Victor Bisot

Date: Wednesday, 8th November 2017 at 2pm
Place: LORIA, room A008
Speaker: Victor Bisot (Télécom Paristech)

Title: Learning nonnegative representations for environmental sound analysis

Abstract: The growing interest for environmental sound analysis tasks is followed by an important increase of deep learning-based approaches. As most focus on finding adapted neural network architecture or algorithms, few works question the choice of the input representation. In this talk, we will discuss how nonnegative matrix factorization-based feature learning techniques are suited for such tasks, especially when used as input of deep neural networks. We start by highlighting the usefulness of unsupervised NMF variants for feature learning in multi-source environments.

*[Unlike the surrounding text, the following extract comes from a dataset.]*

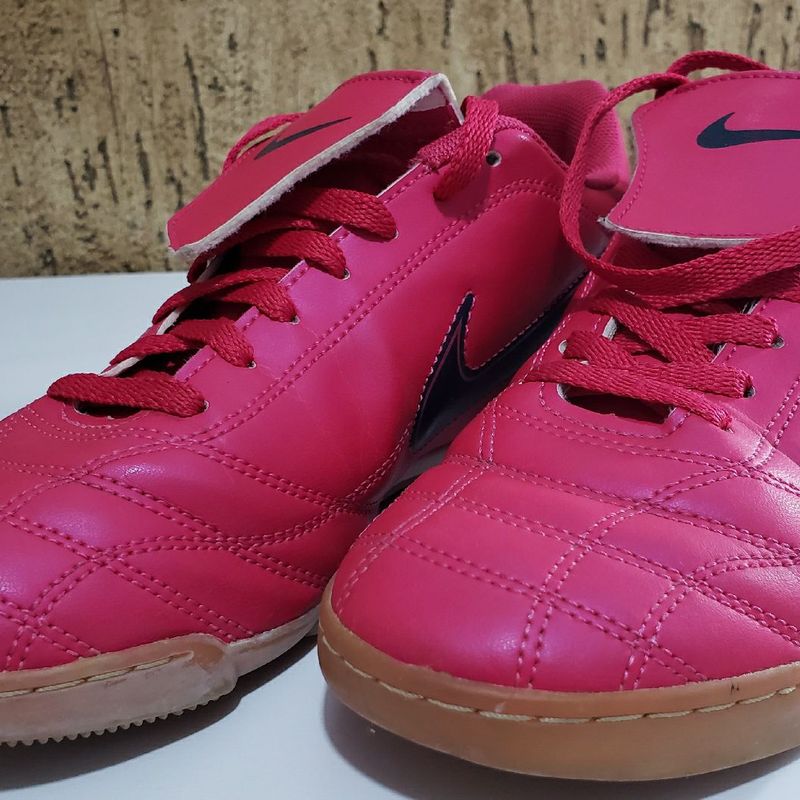 Chuteira nike 2024 rosa pink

Next, we introduce a supervised variant of NMF known as TNMF (Task-driven NMF). The TNMF model aims at improving the quality of the decomposition by learning the nonnegative dictionaries that minimize the target classification loss. In a second part, we will exhibit similarities between NMF, TNMF and standard NN layers, justifying the potential of NMF-based features as input to various DNN models. The proposed models are evaluated on acoustic scene classification and overlapping sound event detection datasets and show improvements over standard CNN approaches for such tasks. Finally we will discuss how NMF dictionaries and neural networks parameters can be trained jointly in a common optimization problem by relying on the TNMF framework.